# The problem
Provide again, from the entries below, every line from the one containing "2017 Fiat 124 Spider - Image 8 of 10" through the one containing "16 Crown Rd", exactly as written, and no other line.

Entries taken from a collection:
Content starts

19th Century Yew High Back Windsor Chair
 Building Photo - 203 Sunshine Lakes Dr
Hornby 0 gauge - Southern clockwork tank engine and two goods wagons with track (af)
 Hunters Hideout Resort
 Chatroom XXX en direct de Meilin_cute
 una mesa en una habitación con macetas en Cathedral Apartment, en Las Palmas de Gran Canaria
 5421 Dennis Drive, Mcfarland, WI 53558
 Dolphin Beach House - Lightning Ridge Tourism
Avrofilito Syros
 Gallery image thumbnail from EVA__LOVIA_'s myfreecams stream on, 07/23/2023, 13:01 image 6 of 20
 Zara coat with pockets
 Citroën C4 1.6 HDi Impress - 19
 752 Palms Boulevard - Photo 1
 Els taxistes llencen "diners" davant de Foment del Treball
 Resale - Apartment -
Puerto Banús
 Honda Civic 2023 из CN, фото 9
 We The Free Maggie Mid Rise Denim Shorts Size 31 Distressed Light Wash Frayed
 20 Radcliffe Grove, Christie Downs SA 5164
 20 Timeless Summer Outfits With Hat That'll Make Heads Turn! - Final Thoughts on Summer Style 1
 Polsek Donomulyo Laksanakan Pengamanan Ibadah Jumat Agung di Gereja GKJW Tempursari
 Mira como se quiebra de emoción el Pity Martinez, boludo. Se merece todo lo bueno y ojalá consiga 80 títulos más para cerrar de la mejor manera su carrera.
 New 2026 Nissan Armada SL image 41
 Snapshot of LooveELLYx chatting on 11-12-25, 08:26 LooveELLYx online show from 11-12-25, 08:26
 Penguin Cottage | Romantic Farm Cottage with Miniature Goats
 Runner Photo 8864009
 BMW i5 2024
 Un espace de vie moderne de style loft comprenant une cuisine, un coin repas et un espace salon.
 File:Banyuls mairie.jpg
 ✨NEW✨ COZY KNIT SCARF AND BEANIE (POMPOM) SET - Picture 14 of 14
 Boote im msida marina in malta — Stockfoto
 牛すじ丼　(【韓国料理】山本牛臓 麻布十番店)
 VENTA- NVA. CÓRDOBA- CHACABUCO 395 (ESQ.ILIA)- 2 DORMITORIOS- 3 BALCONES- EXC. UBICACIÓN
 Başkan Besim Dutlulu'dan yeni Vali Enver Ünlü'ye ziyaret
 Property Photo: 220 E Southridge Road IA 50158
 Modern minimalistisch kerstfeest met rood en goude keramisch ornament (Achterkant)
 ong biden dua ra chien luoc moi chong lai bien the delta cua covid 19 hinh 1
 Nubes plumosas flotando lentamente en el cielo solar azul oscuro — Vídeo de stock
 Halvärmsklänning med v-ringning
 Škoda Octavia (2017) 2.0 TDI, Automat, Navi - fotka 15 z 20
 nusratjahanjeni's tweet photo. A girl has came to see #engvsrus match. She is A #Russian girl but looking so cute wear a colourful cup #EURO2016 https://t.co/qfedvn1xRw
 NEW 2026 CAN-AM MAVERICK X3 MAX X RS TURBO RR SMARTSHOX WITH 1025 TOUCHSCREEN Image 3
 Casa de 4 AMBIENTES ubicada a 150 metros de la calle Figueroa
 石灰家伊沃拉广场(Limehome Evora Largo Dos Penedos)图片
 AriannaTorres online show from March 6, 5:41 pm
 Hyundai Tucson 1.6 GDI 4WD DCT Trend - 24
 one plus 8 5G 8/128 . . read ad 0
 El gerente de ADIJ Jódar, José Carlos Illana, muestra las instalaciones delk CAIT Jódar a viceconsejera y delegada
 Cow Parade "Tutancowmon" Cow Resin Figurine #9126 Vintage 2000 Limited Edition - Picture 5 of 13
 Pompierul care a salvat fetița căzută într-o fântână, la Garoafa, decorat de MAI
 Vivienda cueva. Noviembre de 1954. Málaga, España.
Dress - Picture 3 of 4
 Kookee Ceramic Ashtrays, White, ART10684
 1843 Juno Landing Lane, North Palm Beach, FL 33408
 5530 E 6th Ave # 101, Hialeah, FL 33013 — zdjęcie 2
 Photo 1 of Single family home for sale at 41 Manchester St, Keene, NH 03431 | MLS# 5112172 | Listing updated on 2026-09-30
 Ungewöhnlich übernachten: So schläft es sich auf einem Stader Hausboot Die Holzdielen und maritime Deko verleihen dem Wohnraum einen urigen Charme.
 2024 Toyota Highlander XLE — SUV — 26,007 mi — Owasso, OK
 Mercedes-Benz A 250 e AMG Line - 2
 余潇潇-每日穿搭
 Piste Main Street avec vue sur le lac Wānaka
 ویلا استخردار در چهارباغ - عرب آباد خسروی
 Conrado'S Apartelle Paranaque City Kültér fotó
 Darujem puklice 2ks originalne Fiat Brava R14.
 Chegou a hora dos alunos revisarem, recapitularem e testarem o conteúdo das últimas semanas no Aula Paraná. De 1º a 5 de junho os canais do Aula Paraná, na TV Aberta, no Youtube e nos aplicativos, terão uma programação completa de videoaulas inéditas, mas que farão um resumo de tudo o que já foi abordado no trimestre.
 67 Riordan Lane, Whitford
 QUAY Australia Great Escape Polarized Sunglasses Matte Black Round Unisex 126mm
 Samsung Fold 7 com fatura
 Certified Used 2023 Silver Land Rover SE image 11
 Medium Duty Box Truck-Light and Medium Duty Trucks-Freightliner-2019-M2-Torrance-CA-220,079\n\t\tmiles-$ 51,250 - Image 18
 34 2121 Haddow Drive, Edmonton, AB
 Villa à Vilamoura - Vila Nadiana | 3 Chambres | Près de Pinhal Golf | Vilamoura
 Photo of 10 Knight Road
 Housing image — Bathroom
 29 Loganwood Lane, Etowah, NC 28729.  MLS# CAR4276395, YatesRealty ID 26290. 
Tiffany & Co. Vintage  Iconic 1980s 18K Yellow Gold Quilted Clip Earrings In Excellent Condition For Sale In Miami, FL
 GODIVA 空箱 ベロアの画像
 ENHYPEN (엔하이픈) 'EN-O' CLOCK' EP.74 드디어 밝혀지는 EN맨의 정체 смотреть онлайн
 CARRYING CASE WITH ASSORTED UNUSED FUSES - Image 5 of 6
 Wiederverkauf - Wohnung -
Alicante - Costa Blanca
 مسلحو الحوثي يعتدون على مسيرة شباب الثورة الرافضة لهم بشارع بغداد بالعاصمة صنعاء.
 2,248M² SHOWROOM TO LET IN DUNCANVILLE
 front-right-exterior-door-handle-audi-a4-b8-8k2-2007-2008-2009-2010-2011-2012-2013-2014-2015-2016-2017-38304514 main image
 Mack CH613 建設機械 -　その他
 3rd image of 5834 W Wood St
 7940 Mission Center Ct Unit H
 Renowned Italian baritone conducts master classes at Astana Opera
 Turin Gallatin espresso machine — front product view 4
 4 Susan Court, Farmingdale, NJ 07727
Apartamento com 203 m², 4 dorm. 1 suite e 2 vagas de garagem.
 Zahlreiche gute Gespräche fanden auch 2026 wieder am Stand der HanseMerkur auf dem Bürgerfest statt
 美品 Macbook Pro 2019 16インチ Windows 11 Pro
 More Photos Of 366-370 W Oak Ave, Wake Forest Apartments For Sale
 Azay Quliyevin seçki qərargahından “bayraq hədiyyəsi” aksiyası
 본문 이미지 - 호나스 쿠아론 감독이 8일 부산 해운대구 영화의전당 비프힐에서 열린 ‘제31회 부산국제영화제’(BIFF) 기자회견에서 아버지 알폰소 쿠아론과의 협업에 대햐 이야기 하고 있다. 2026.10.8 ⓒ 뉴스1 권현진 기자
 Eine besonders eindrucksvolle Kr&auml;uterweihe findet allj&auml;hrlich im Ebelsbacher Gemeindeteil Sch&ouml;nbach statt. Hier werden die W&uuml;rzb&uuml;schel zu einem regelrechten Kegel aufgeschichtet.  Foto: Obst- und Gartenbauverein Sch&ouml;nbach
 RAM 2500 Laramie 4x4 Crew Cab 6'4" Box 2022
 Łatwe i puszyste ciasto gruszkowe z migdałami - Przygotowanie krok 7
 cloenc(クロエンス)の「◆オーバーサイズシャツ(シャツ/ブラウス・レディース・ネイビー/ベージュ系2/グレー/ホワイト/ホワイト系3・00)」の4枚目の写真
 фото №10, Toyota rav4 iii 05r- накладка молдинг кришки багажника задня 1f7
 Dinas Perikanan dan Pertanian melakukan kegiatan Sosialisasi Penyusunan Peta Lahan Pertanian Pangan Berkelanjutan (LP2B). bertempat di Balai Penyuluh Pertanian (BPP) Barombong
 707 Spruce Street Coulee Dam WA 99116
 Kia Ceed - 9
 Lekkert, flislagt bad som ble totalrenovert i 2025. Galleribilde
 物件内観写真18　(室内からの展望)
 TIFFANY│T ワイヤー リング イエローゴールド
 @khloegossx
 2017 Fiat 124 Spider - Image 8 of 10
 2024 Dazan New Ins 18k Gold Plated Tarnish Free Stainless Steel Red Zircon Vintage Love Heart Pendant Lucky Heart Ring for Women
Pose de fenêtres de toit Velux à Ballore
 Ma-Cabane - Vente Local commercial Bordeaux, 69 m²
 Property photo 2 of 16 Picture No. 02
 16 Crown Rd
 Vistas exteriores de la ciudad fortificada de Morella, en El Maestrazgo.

Content ends

# Your solution
 2017 Fiat 124 Spider - Image 8 of 10
 2024 Dazan New Ins 18k Gold Plated Tarnish Free Stainless Steel Red Zircon Vintage Love Heart Pendant Lucky Heart Ring for Women
Pose de fenêtres de toit Velux à Ballore
 Ma-Cabane - Vente Local commercial Bordeaux, 69 m²
 Property photo 2 of 16 Picture No. 02
 16 Crown Rd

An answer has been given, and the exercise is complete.